Charities have been calling on the government to admit 3,000 children who have already made it inn to Europe

Britain considering plans to allow unaccompanied migrant children into UK

File photo of British Prime Minister David Cameron | Image: Lewis Whyld / PA Wire/Press Association Images

David Cameron is considering taking thousands of unaccompanied Syrian refugee children from migrant camps in Europe.

The Prime Minister will decide in the "coming days and weeks" how children who have fled to Europe but been separated from parents can be helped, the International Development Secretary told Sky News.

If Mr Cameron agrees to take refugee children from Europe it would represent a softening of the Government position.

Britain has already agreed to take 20,000 Syrian refugees but had insisted it would only take them from the refugee camps in the Syrian region - and not draw from the camps in Europe.

However, pressure from charities and the intensification of the migrant crisis in Europe has prompted a rethink and the Government is considering taking some children from Europe as part of the 20,000.

According to charity estimates, there are as many as 3,000 lone refugee children in Europe.

International Development Secretary Justine Greening told Dermot Murnaghan: "We've steadily evolved our approach as this crisis has evolved, we've been right at the forefront, frankly, of helping children who have been affected by this crisis and will continue to look at how we can do that over the coming days and weeks."

Labour's shadow home secretary Andy Burnham said: "David Cameron has been found guilty of a real lack of judgement and leadership during this refugee crisis.

"He has been pursuing his own individual demands on EU migration while the rest of Europe has been grappling with the biggest humanitarian crisis since the Second World War. He has left Britain looking blinkered and selfish.

"Just miles from our own doorstep, there are hundreds of refugee children in makeshift French camps living alone in abhorrent conditions.

"Britain can, and should, be doing more to give those kids a place of safety and I believe the vast majority of people here would support it."
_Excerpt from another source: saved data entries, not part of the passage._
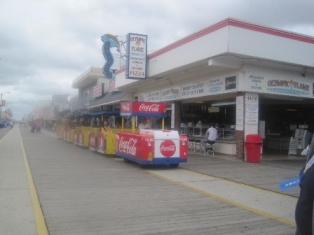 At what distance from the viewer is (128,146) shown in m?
13.7

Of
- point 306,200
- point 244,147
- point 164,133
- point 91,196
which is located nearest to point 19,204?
point 91,196

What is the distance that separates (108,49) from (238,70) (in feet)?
51.6

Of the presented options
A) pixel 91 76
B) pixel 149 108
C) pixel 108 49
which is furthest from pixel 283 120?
pixel 91 76

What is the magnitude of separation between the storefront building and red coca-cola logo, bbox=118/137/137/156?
15.9 ft

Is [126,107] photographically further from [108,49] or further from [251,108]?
[108,49]

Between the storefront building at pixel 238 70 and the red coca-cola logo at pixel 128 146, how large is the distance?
15.9ft

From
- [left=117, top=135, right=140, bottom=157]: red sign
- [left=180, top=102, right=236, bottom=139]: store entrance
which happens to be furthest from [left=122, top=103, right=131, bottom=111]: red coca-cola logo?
[left=180, top=102, right=236, bottom=139]: store entrance

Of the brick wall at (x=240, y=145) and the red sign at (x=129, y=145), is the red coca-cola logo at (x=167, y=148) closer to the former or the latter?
the red sign at (x=129, y=145)

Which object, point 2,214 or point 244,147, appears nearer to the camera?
point 2,214

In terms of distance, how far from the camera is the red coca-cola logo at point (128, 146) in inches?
517

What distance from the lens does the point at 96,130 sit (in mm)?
19453

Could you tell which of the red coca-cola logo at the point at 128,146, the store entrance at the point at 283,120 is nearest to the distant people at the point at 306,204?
the red coca-cola logo at the point at 128,146

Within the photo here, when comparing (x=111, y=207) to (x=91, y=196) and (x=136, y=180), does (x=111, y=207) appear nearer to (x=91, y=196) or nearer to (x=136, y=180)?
(x=91, y=196)

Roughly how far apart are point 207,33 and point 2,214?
1140 cm
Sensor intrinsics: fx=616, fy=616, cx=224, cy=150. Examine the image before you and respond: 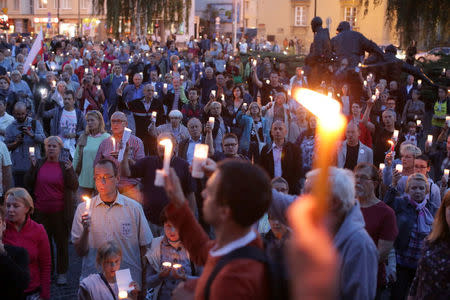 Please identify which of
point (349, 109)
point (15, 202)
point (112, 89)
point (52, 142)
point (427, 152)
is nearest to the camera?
point (15, 202)

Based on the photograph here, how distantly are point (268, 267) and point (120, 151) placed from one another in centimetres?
403

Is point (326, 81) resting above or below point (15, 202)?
above

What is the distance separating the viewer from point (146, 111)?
34.0 ft

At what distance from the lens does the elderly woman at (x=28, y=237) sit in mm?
4855

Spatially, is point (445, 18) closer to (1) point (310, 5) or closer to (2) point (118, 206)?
(2) point (118, 206)

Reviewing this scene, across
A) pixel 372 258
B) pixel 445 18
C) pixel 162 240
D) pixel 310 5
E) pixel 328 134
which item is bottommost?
pixel 162 240

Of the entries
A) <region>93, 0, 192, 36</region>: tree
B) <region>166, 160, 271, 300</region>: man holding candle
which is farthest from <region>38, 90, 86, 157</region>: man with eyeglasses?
<region>93, 0, 192, 36</region>: tree

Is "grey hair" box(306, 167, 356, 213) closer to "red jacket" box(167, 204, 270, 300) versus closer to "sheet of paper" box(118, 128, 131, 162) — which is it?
"red jacket" box(167, 204, 270, 300)

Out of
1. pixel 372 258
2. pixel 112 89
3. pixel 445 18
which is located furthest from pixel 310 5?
pixel 372 258

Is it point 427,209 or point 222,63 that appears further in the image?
point 222,63

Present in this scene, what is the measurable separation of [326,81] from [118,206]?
6287 millimetres

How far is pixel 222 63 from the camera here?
19.1 m

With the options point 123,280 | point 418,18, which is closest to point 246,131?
point 123,280

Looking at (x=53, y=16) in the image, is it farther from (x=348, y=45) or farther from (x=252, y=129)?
(x=252, y=129) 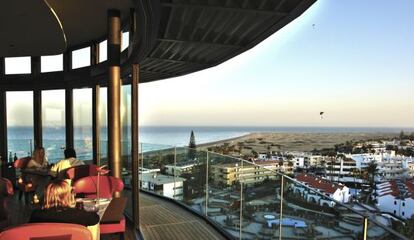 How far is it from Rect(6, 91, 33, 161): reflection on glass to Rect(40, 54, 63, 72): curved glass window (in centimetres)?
70

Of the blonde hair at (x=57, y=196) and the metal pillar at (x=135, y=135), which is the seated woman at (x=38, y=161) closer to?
the metal pillar at (x=135, y=135)

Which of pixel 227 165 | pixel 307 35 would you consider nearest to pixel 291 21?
pixel 227 165

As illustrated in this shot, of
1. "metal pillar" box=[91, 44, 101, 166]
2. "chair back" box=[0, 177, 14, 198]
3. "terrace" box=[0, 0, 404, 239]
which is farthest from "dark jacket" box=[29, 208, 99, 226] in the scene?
"metal pillar" box=[91, 44, 101, 166]

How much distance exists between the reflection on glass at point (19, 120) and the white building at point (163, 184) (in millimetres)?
3020

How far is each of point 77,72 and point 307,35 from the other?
3977cm

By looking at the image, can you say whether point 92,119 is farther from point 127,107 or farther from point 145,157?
point 127,107

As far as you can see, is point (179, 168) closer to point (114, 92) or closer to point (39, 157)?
point (114, 92)

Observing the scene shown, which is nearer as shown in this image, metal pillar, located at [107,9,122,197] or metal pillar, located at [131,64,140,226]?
metal pillar, located at [131,64,140,226]

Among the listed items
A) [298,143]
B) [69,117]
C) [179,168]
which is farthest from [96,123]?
[298,143]

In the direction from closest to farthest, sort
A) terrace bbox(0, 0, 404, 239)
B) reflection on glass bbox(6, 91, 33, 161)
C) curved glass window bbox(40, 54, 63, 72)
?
terrace bbox(0, 0, 404, 239)
curved glass window bbox(40, 54, 63, 72)
reflection on glass bbox(6, 91, 33, 161)

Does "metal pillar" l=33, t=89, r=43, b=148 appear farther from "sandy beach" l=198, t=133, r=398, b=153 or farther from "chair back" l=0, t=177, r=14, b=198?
"sandy beach" l=198, t=133, r=398, b=153

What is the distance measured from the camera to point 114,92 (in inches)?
233

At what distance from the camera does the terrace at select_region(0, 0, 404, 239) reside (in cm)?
393

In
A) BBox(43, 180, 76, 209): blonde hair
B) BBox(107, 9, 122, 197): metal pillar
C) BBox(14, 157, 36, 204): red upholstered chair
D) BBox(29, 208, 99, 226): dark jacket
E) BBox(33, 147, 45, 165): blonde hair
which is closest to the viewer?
BBox(29, 208, 99, 226): dark jacket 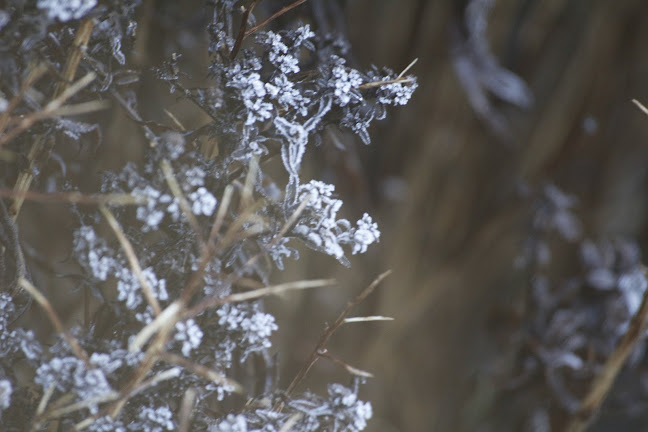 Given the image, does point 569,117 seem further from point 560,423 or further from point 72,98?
point 72,98

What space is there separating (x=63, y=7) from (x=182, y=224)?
2.5 inches

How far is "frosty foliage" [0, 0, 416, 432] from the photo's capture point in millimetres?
155

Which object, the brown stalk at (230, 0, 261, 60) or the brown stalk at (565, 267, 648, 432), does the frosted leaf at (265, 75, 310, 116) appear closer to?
the brown stalk at (230, 0, 261, 60)

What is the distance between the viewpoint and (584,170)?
0.40m

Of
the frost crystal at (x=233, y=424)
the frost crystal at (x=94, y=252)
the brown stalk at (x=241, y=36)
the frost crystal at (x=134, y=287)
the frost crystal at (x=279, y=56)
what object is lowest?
the frost crystal at (x=233, y=424)

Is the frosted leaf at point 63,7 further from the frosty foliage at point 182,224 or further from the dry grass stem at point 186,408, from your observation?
the dry grass stem at point 186,408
Liberal Democrat leader Tim Farron told Sky News it would be pretty "mean-spirited" if the Government included the number of unaccompanied children in the 20,000 figure.

His comments come after Jeremy Corbyn called on the Government to let 3,000 migrants in the French camps come to Britain - especially unaccompanied children. The Labour leader also accused the Government of not doing enough to help.

Europe continues to struggle to deal with the migrant crisis. EU officials are preparing to meet to discuss suspending Europe's border-free travel zone, drawn up under the Schengen agreement, for two years.

On Friday, the French prime minister, Manuel Valls, warned that the refugee crisis put the future of the European Union, whose key principle is the freedom of movement of people between countries, in "grave danger".